== Segment start ==
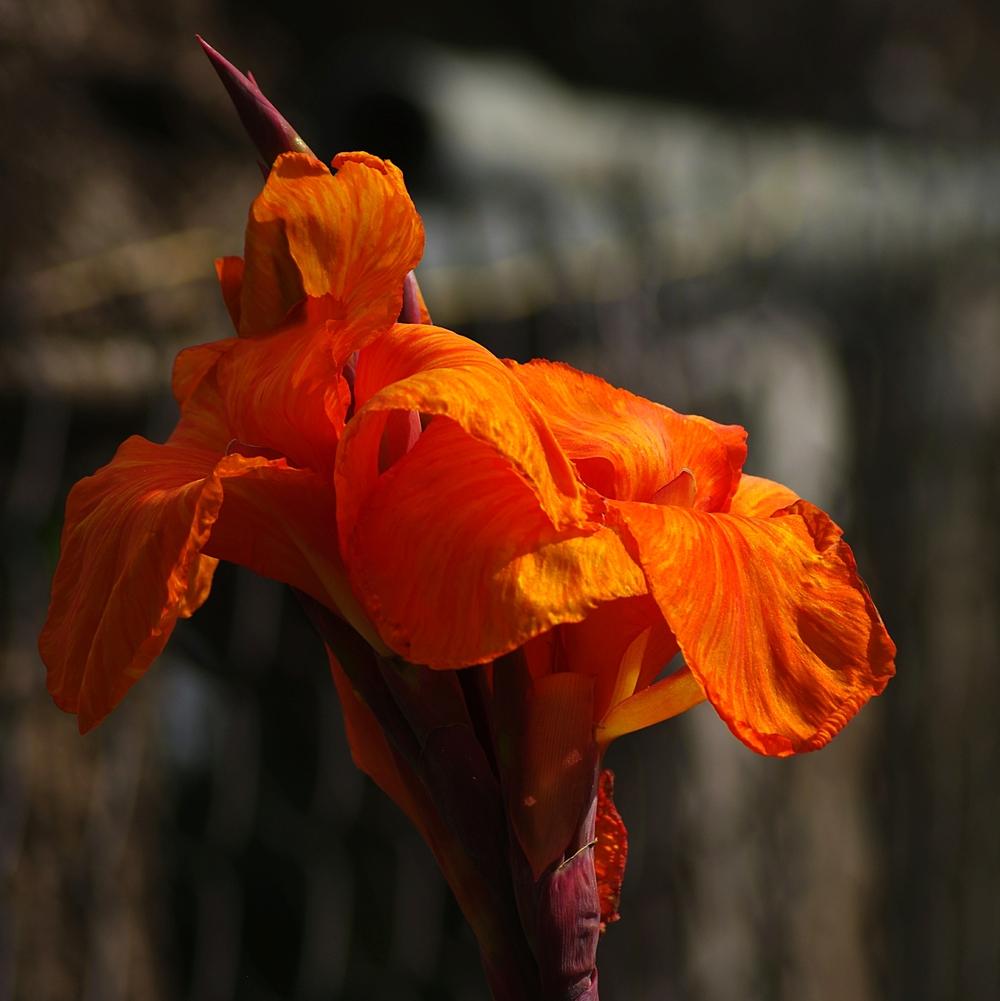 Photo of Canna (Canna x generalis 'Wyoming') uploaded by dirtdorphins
== Segment end ==
== Segment start ==
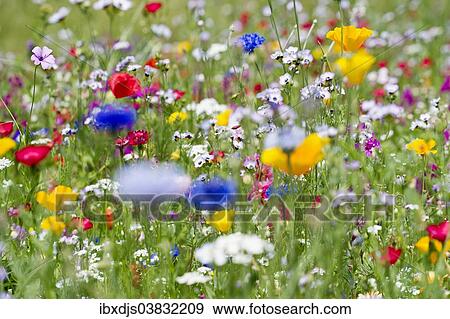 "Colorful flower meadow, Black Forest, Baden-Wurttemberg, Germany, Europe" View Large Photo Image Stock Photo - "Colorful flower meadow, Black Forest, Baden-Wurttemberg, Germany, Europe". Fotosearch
== Segment end ==
== Segment start ==
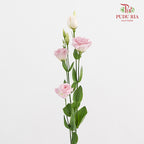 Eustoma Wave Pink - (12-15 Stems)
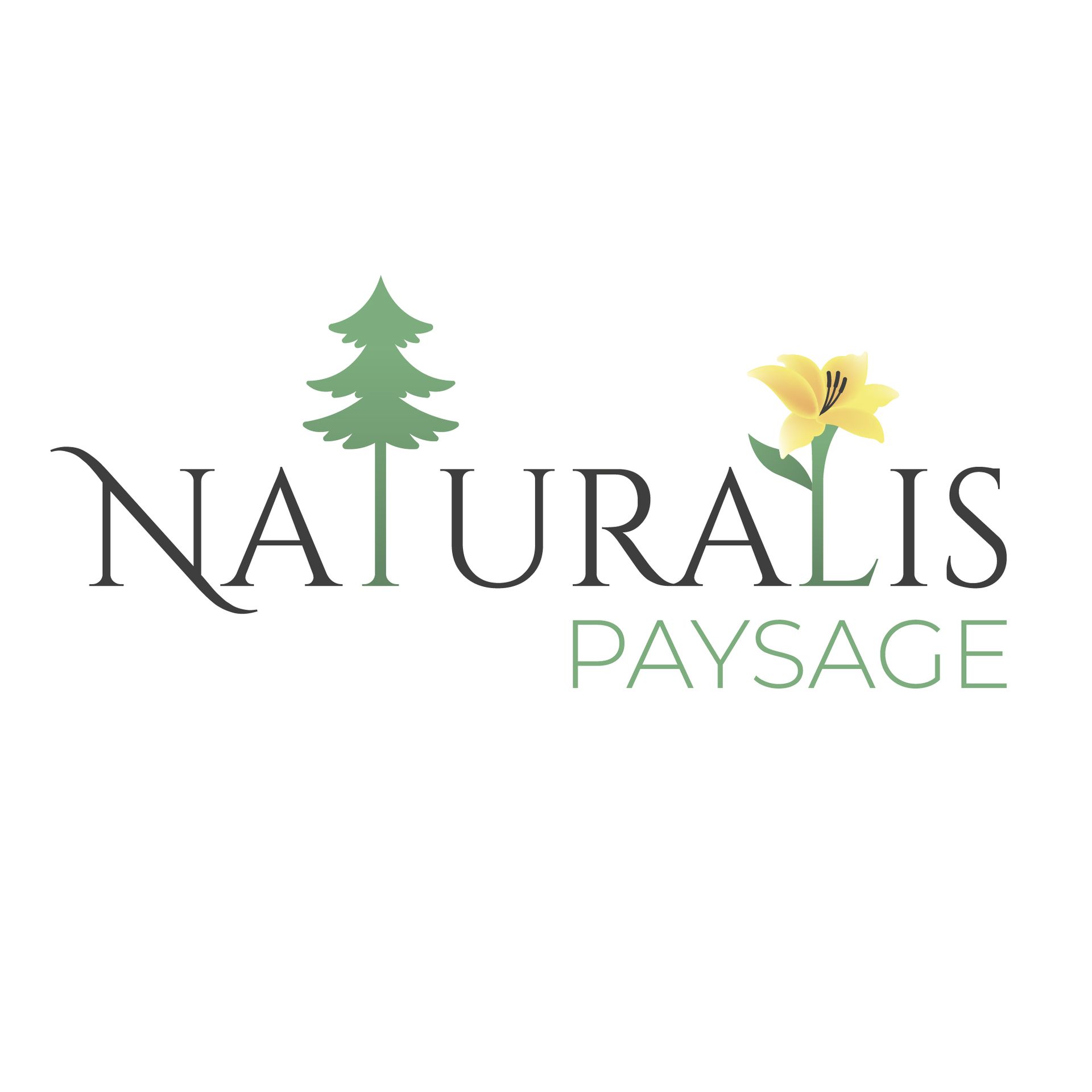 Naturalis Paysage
== Segment end ==
◆ Aim of the task ◆
Take the material above from the line containing "Eustoma Wave Pink - (12-15 Stems)" up to and including the line containing "Naturalis Paysage" and retype it exactly, without any pictures.

◆ Output for this task ◆
 Eustoma Wave Pink - (12-15 Stems)
 Naturalis Paysage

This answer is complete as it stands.